Volgens sommige
literatuurcritici is de tijd van het magisch realisme in de Latijns-Amerikaanse
literatuur zo goed als voorbij. Vooral met het overlijden van García Márquez in
2014, een grootmeester in het genre, lijkt de magisch-realistische vertelkunst
definitief begraven. Maar wie vandaag het einde van het magisch realisme zou
proclameren, miskent dan toch het talent van de Salvadoraanse schrijver Jorge
Galán. Met De straat van Magdalena
waait immers een nieuwe wind door het magisch-realistisch discours van
Latijns-Amerika.
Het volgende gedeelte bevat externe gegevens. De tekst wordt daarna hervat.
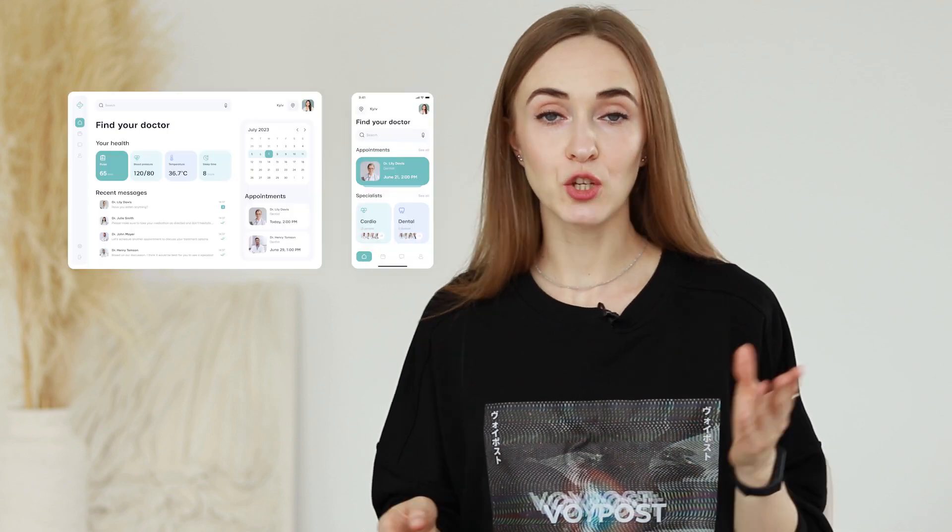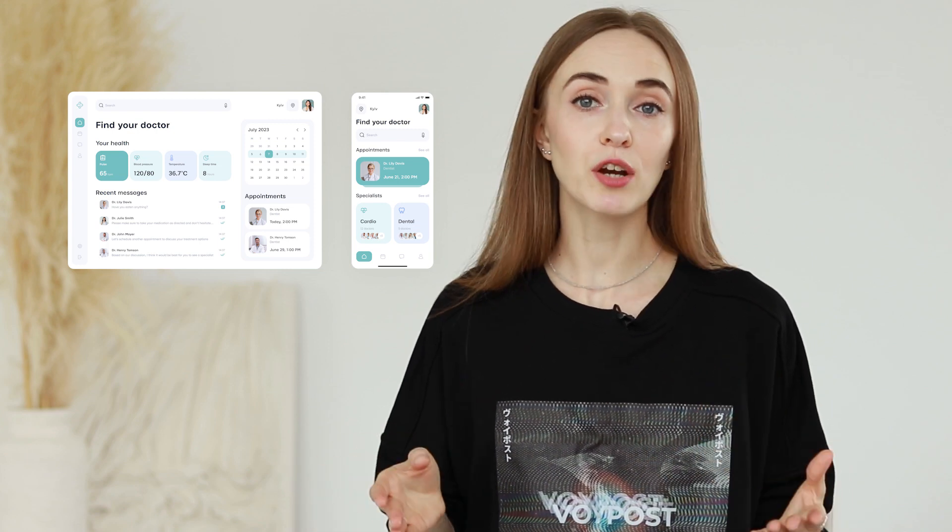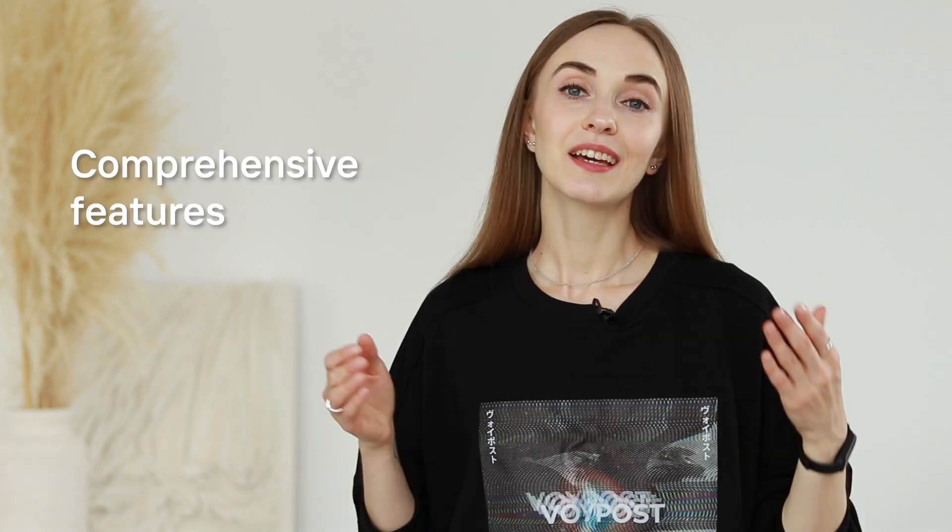Tip one: compatibility with various devices. Ensure your telehealth app works seamlessly across different devices including tablets, smartphones, and PCs. By catering to diverse user preferences, you'll maximize accessibility and convenience. Tip two: comprehensive features. A successful telehealth app should provide essential functionalities such as searching for medical specialists, booking appointments, making payments, and scheduling online consultations. Covering these fundamental features is crucial to meeting your users' needs.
Het is de eerste Nederlandse vertaling van deze auteur, maar
Galán is met deze roman zeker niet aan zijn proefstuk toe. Eerder raakte hij
vooral bekend door zijn poëzie en hij kreeg ook al verschillende literaire
prijzen.
Met
zijn poëtische blik doet Galán ons op een andere manier kijken naar de
werkelijkheid. Magdalena, het hoofdpersonage van deze familiesaga, vertelt in
een donkere achterkamer verhalen aan haar kleinzoon. En wat een verhalen! In
acht hoofdstukken lezen we over de meest vreemde en fantastische gebeurtenissen
die tegelijk ook een goed beeld schetsen van het dagelijkse leven van
verschillende generaties in El Salvador. Als lezer ben je aanvankelijk net zo
wantrouwig als Magdalena’s kleinzoon, wiens naam onbekend blijft; zelfs tot op
het einde blijft zij herhalen dat de jongen ‘ongevoelig’ is omdat hij niets
gelooft van wat ze zegt.
Maar de zeggingskracht is zo sterk en de verhalen zitten zo
knap in elkaar verweven, dat je niet anders kan dan je laten meeslepen door de
magie die ervan uitgaat. Sommige verhalen zijn bijzonder mooi, zoals dat van de
tweelingzusjes die kunnen vliegen. Andere zijn dan weer net heel tragisch,
zoals dat van het wonderkind dat even op het water loopt, maar daarna door de
stroom wordt meegesleurd. Het zijn verhalen over leven en dood, over liefde en
vriendschap. Er zijn de dromen, maar ook de wensen, en die zijn niet altijd
even rooskleurig. Magdalena leeft immers met een voortdurende angst, want haar
kwaadaardige wensen worden steeds vervuld. Het geheel speelt zich bovendien af
tegen de achtergrond van de politieke geschiedenis van El Salvador in de tweede
helft van de twintigste eeuw. Dat komt heel expliciet naar voren in het
voorlaatste hoofdstuk, wanneer het drama van de burgeroorlog in de jaren
tachtig zich in alle hevigheid voor onze ogen ontvouwt.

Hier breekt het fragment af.